# Exploring the data

My impressions so far:

* The biggest challenge is dealing with the Breed, Color and Name variables
* Many of the variables are going to have interactions with one another, especially the AnimalType variable, therefore it may be useful to use a model that automatically considers feature interactions (ex. a Random Forest) over a model that requires us to manually create feature interactions (ex. Logistic Regression)
* Not a huge number of missing values in the training set, save for animal name, where not knowing the animal's name (or the animal not having a name) certainly tells us something useful...it may be worth imputing neutered and gender?
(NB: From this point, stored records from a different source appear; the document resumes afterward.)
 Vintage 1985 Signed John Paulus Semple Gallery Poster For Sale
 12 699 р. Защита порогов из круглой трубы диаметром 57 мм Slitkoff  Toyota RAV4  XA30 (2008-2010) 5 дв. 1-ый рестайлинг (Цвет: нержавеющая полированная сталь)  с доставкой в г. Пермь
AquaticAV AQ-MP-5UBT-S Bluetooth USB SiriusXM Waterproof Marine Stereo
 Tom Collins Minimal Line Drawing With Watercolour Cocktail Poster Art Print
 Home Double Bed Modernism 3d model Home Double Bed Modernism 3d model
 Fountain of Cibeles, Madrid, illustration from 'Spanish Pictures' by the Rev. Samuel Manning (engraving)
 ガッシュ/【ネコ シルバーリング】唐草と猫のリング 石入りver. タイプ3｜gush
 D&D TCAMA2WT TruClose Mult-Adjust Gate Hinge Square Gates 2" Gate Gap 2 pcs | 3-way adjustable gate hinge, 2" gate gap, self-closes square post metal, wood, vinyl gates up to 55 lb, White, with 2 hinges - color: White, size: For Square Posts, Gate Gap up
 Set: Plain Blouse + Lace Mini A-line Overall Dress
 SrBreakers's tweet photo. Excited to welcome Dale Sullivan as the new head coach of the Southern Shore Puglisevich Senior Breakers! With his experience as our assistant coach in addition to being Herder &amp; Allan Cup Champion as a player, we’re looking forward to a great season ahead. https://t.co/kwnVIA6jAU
Data cleaning / feature engineering overview:

* Split `SexuponOutcome` into separate neutered and gender features
* `AgeuponOutcome` is converted into a numeric feature
* `DateTime` is converted into a set of date-specific features (year, month, day of the week, etc.)
* Find strategies for classifying `Breed` into clusters/taxonomies for dogs and cats separately, this may be difficult

In [None]:
%matplotlib inline

import datetime
import numpy as np
import pandas as pd
import matplotlib.pyplot as plt
import re
import seaborn as sns
import sklearn
from wordcloud import WordCloud, STOPWORDS

train = pd.read_csv('../input/train.csv')

## Overview

See what the data look like.

In [None]:
print('Number of training observations:', len(train.index))
train.describe()

Missing values by column:

In [None]:
train.isnull().sum()

## Examining the dependent variable, `OutcomeType`

What happened to the animals?

In [None]:
sns.countplot(x = "OutcomeType", data = train)
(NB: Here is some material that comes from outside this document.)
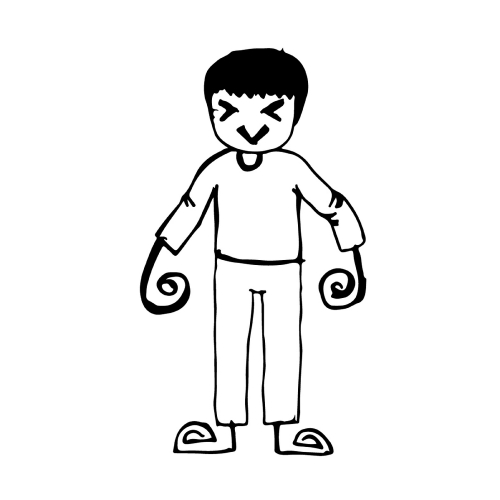 Doodle man emotion icon hand draw illustration design 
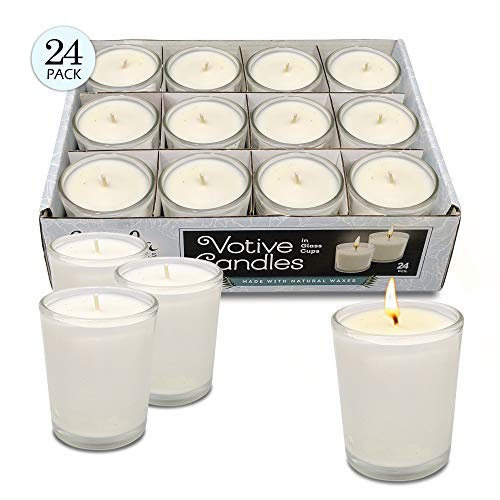 Velas votivas blancas – vasos de cristal transparente, sin perfume, extra largas 24 horas de combustión – para decoración de fiestas, cumpleaños, bodas y centros de mesa – Hyoola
## Examining the independent variables


### `AnimalType`

Whether it's a cat or a dog.

In [None]:
sns.countplot(x = "AnimalType", data = train)

`OutcomeType` by `AnimalType` (relative frequency)

In [None]:
def rel_freq_plot(train, column):
    sns.pointplot(x = 'OutcomeType', y = 'Percent', hue = column, data = (train
        .groupby(['OutcomeType', column])
        .size()
        .reset_index()
        .rename(columns = {0: 'Count'})
        .merge(
            (train
             .groupby([column])
             .size()
             .reset_index()
             .rename(columns = {0: 'Total'})
            ), how = 'inner', on = column)
        .assign(Percent = lambda x: x.Count / x.Total)
    ))
    
rel_freq_plot(train, 'AnimalType')

Dogs are more likely to be returned to their owners and less likely to be transferred than cats.

### `SexuponOutcome`

This variable measures the sex of the animal as well as whether or not it is able to reproduce at the time of the outcome.

In [None]:
sns.countplot(x = "SexuponOutcome", data = train)
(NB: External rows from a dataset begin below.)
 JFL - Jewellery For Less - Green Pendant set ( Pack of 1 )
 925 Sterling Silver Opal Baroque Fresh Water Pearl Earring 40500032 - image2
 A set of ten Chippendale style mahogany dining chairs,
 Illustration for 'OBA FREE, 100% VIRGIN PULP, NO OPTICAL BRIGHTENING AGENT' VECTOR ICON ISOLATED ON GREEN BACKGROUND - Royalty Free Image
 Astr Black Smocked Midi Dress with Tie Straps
I'm thinking that these should be split into the following 2 variables instead of being in a single variable:

* Sex - Male / Female
* NeuteredSprayed - True / False

In [None]:
def create_sex_variables(data):
    SexuponOutcome = data['SexuponOutcome'].fillna('Unknown')
    results = []
    for row in SexuponOutcome:
        row = row.split(' ')
        if len(row) == 1:
            row = ['Unknown', 'Unknown']
        results.append(row)
    NeuteredSprayed, Sex = zip(
        *[['Neutered', x[1]] if x[0] == 'Spayed' else x for x in results])
    return (data.assign(Neutered = NeuteredSprayed).assign(Sex = Sex)
            .drop(['SexuponOutcome'], axis = 1))

train = train.pipe(create_sex_variables)

Quick look at the distribution of Neutered animals, and how being neutered affects outcomes:

In [None]:
sns.countplot(x = "Neutered", data = train)

In [None]:

rel_freq_plot(train, 'Neutered')

Quick look at the distribution of animal gender, and how gender affects outcomes:

In [None]:
sns.countplot(x = "Sex", data = train)

In [None]:
rel_freq_plot(train, 'Sex')

## `AgeuponOutcome`

Should be transformed into a numerical variable. There are 18 NAs - given how few, let's not worry too much about them and just impute the median.

In [None]:
def create_age_in_years(ages):
    results = []
    units = {'days': 365.0, 'weeks': 52.0, 'months': 12.0}
    for age in ages:
        if age == 'NA':
            results.append('NA')
        else:
            duration, unit = age.split(' ')
            results.append(float(duration) / units.get(unit, 1.0))
    impute = np.median([age for age in results if age != 'NA'])
    return [age if age != 'NA' else impute for age in results]

train = (train
         .assign(Age = create_age_in_years(list(train['AgeuponOutcome'].fillna('NA'))))
         .drop(['AgeuponOutcome'], axis = 1))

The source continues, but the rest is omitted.